#### The task
With the images removed, transcribe the listing that follows exactly.

#### Information provided
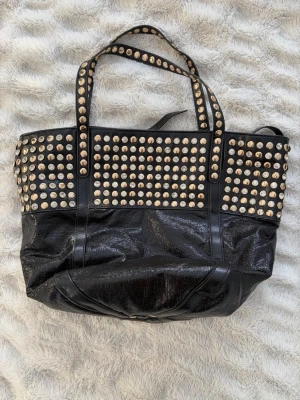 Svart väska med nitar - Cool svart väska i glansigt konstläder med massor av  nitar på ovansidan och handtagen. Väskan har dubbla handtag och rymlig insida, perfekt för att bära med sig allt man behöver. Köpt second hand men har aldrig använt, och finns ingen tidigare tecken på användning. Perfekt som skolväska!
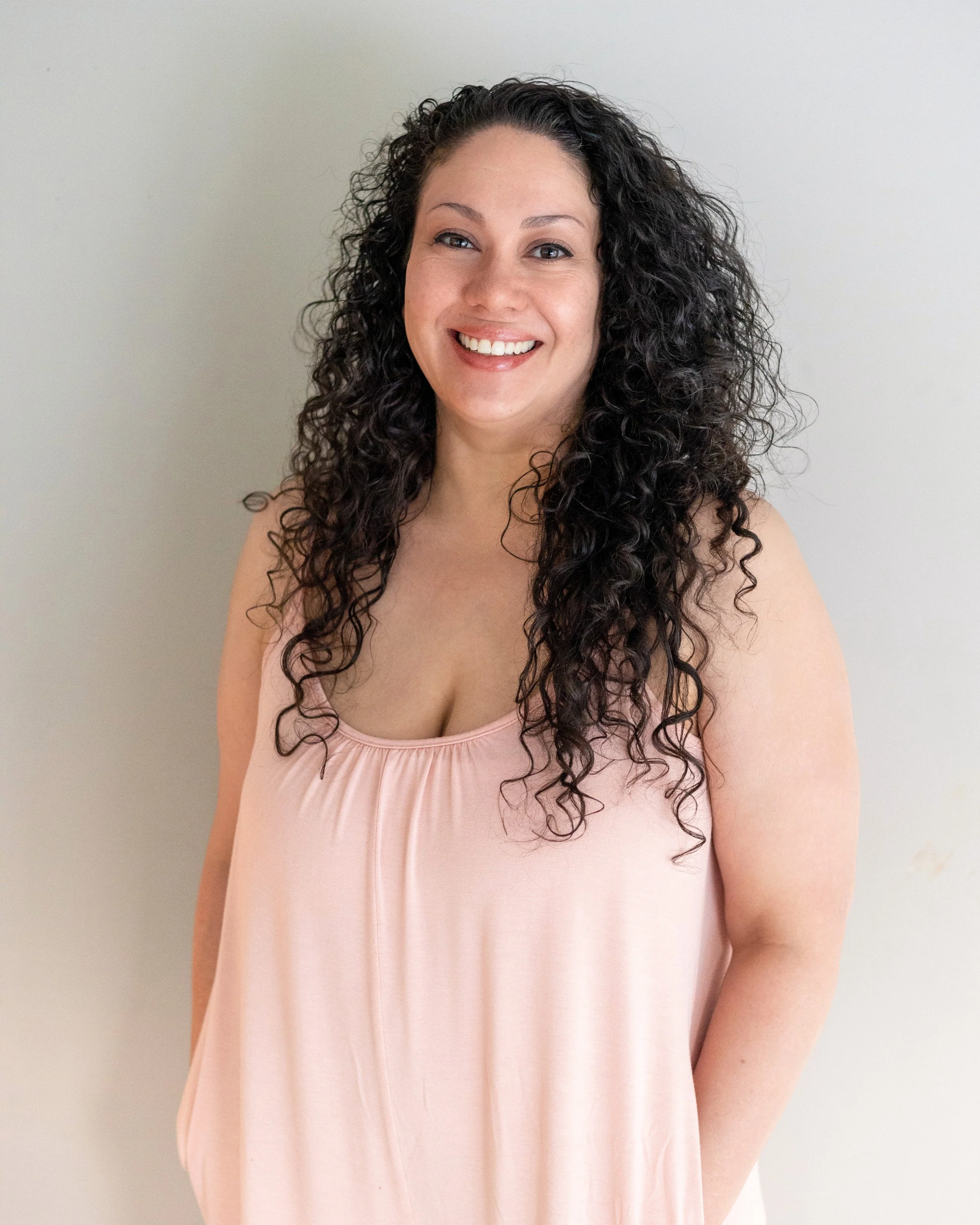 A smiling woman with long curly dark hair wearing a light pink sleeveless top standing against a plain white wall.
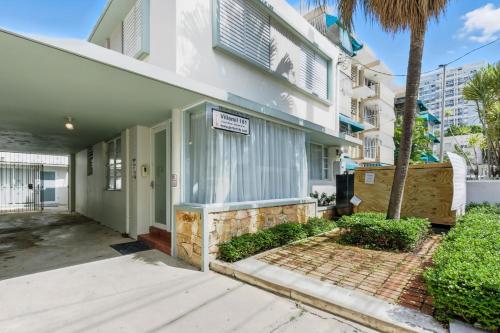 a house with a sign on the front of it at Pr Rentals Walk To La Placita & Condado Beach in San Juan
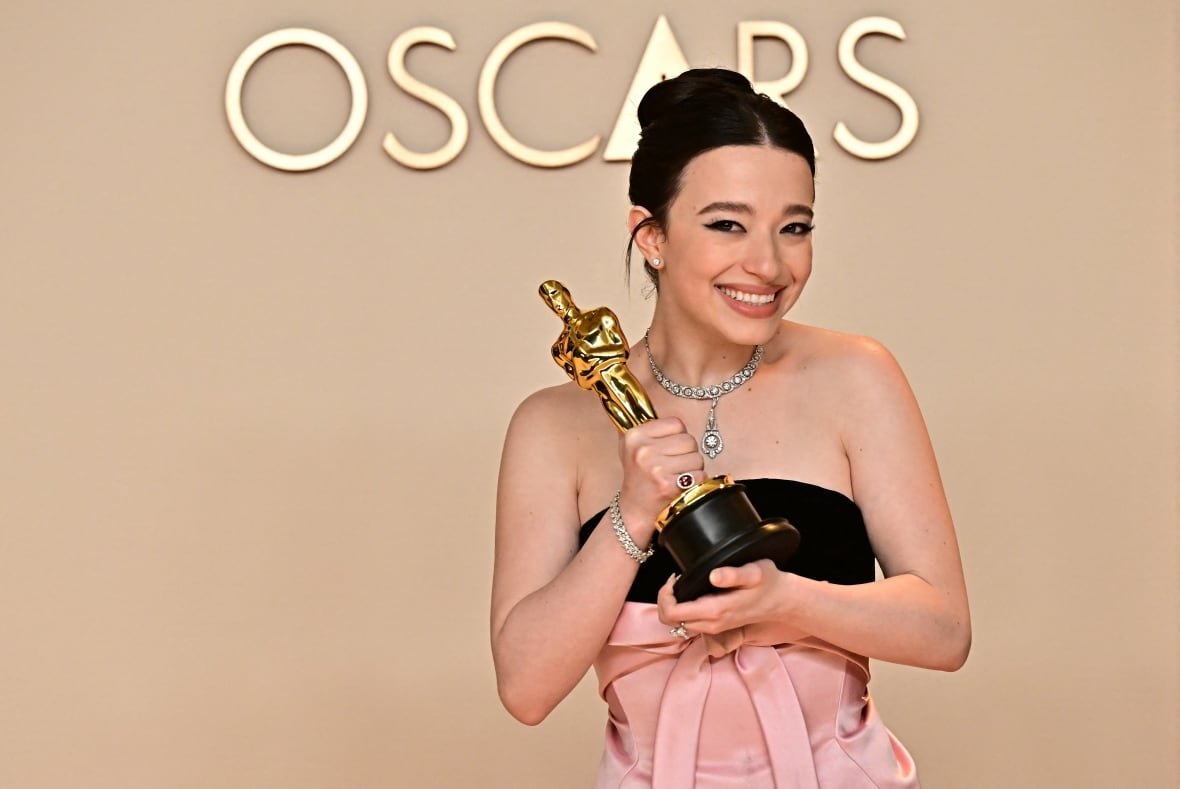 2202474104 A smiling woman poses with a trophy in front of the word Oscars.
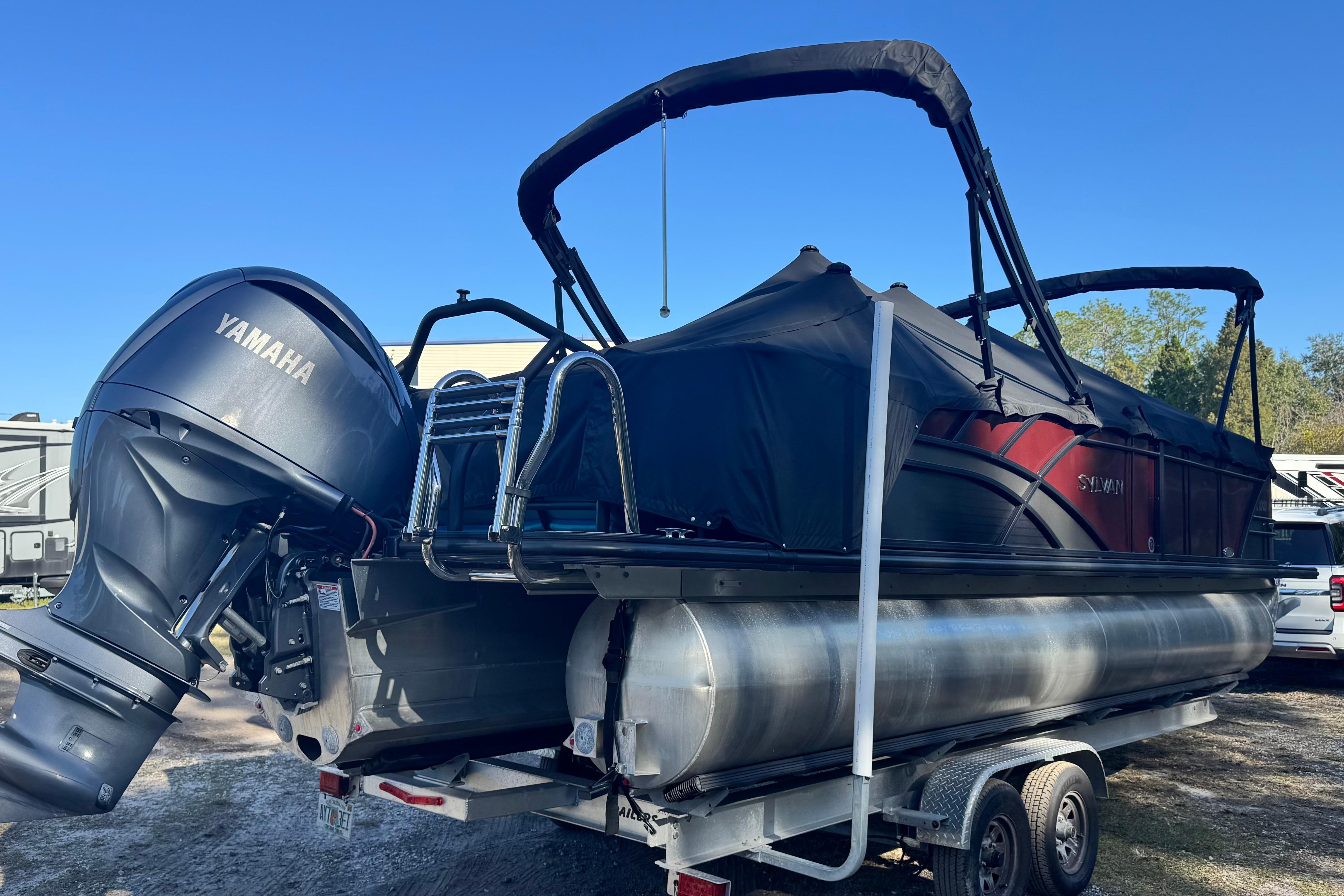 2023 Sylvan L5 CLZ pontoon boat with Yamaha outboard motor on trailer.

#### Exercise result
 Svart väska med nitar - Cool svart väska i glansigt konstläder med massor av  nitar på ovansidan och handtagen. Väskan har dubbla handtag och rymlig insida, perfekt för att bära med sig allt man behöver. Köpt second hand men har aldrig använt, och finns ingen tidigare tecken på användning. Perfekt som skolväska!
 A smiling woman with long curly dark hair wearing a light pink sleeveless top standing against a plain white wall.
 a house with a sign on the front of it at Pr Rentals Walk To La Placita & Condado Beach in San Juan
 2202474104 A smiling woman poses with a trophy in front of the word Oscars.
 2023 Sylvan L5 CLZ pontoon boat with Yamaha outboard motor on trailer.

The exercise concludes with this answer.